BRITONS bought 2,264,737 new cars last year, the highest sales rate since 2007 and better than industry forecasts.
Showrooms shifted 10.8 per cent more new vehicles than they did in 2012, with analysts pointing to windfalls from PPI compensation, attractive finance packages and a hunt for more fuel-efficient cars as the main drivers of growth.
The Society of Motor Manufacturers and Traders (SMMT), which had forecast 2.25m sales last year, expects the pace of growth to fall to around one per cent in 2014 following an “exceptional” 22 months of increasing sales.
“While the European market is only now showing signs of improvement, the UK has consistently outperformed the rest of Europe,” said chief executive Mike Hawes, though he doubts that the industry can surpass the record of 2.58m set in 2003 any time soon.
Three-quarters of private car sales are funded with some form of loan. “The real story in 2013 has been the success of the Personal Car Plan offered by car manufacturers – indeed the way the British buy cars has been truly transformed,” said John Leech, UK head of automotive at KPMG.

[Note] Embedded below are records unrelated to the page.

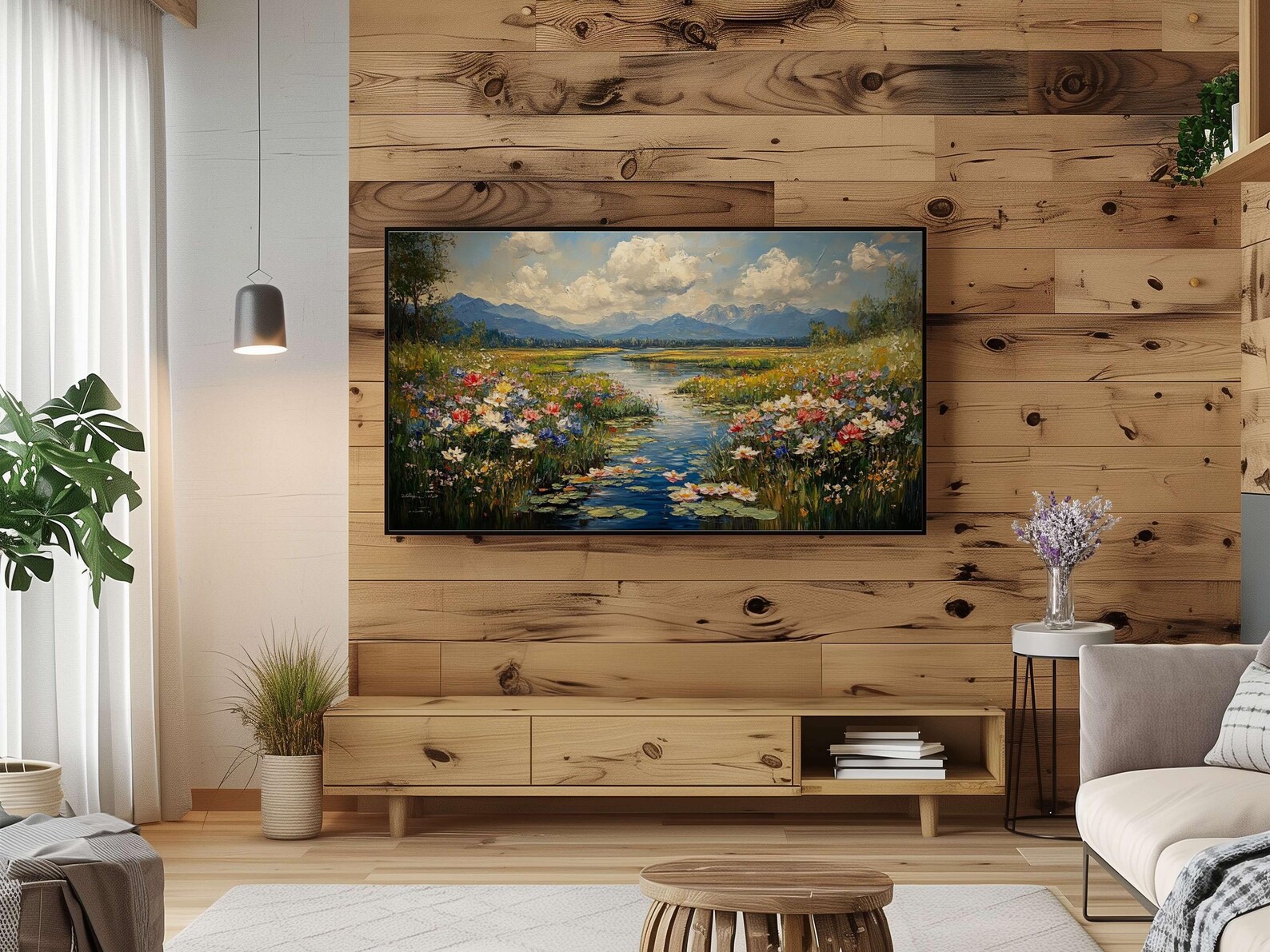 Frame TV Art Vintage River Landscape DIGITAL Painting French Country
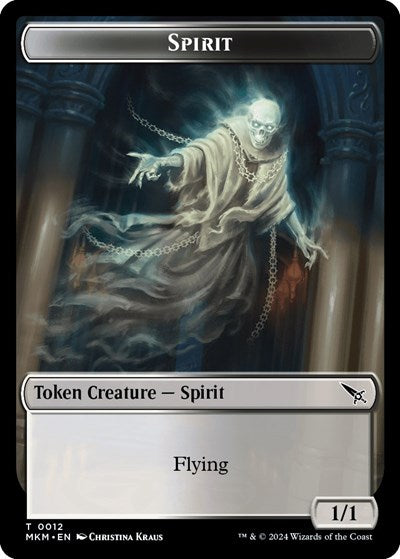 2024 Magic: The Gathering: Murders at Karlov Manor (MKM) - Spirit Token (#12, T) (, Near Mint)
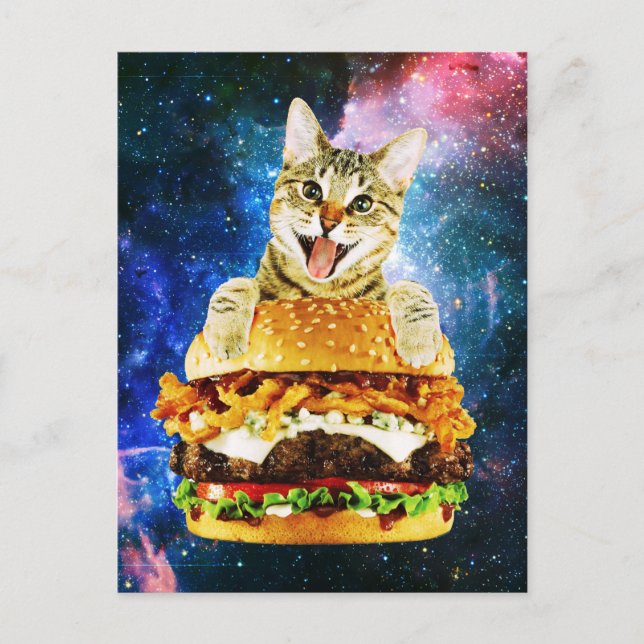 Funny Burger Cat Postkarte (Vorderseite)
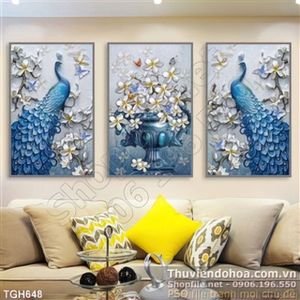 Tranh ghép chim công màu xanh dương wall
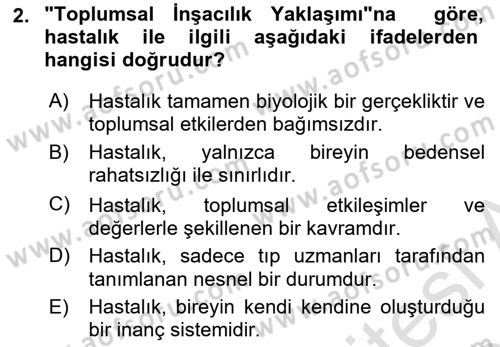 Aile Sağlığı Dersi 2025 - 2026 Yılı (Final) Dönem Sonu Sınav Soruları 2. Soru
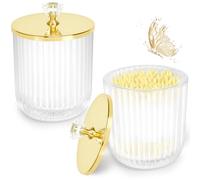 Jenseits 2PCS Qtip Holder Set, Clear Glass Apothecary Jars With Lid for Cotton Ball and Round Pad Storage, Bathroom Vanity Organization, Farmhouse Home Decor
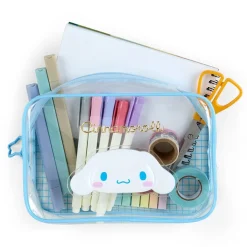 Japan Original Cinnamoroll Clear Grid Zipper Pouch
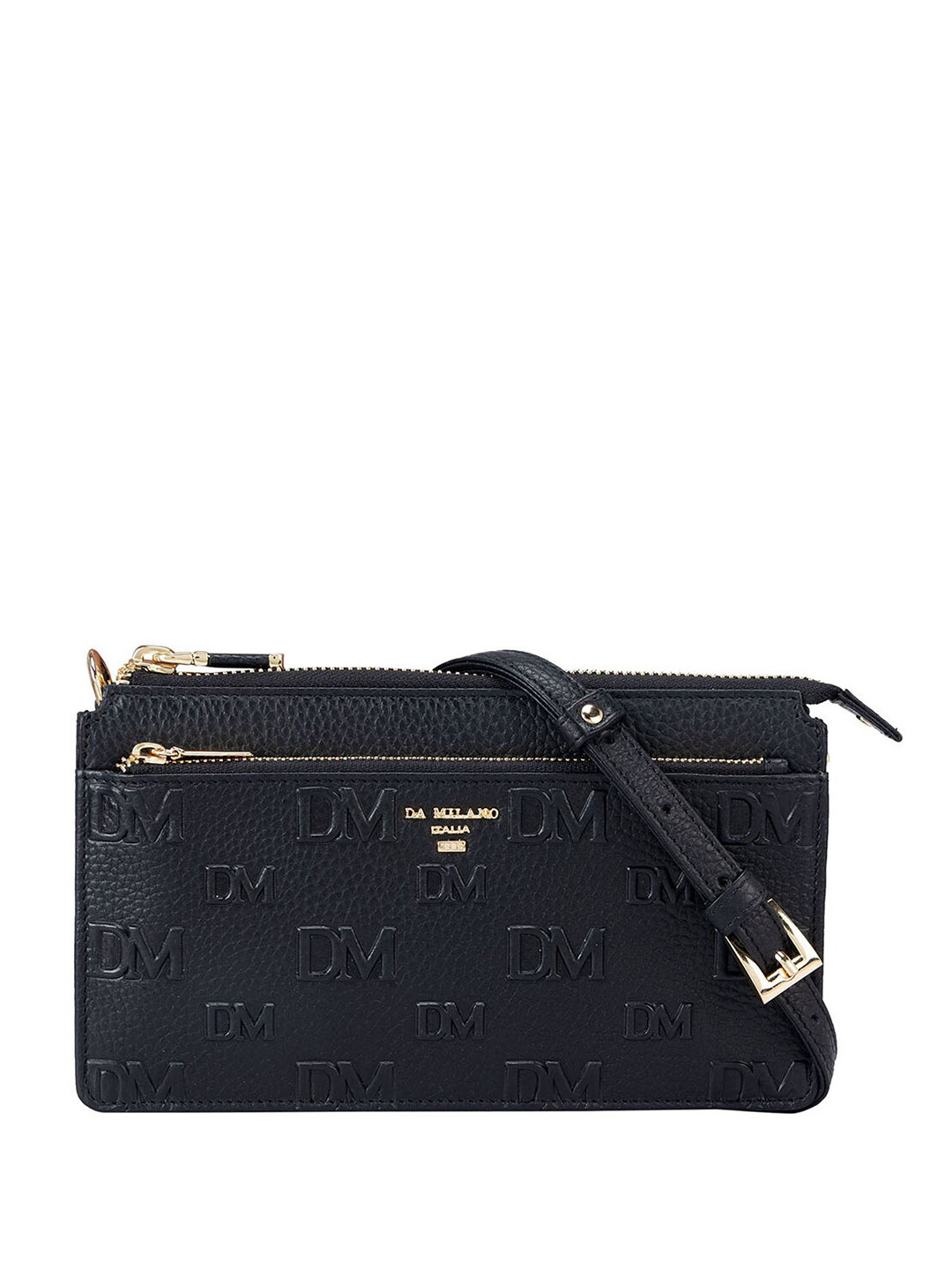 

Da Milano Women Textured Leather Two Fold Wallet, Black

Hawes said there were also signs that drivers who have taken a share of the £13bn PPI compensation scheme are using their windfall to pay the deposit on a new car.
More than one in seven new cars bought last year were built in the UK. Full production figures are due out later this month.
The SMMT forecasted that more than 1.5m vehicles rolled off the production lines in 2013, and Hawes told journalists he believes production could return to the 1970s peak by 2017 – providing competitors in France remain subdued.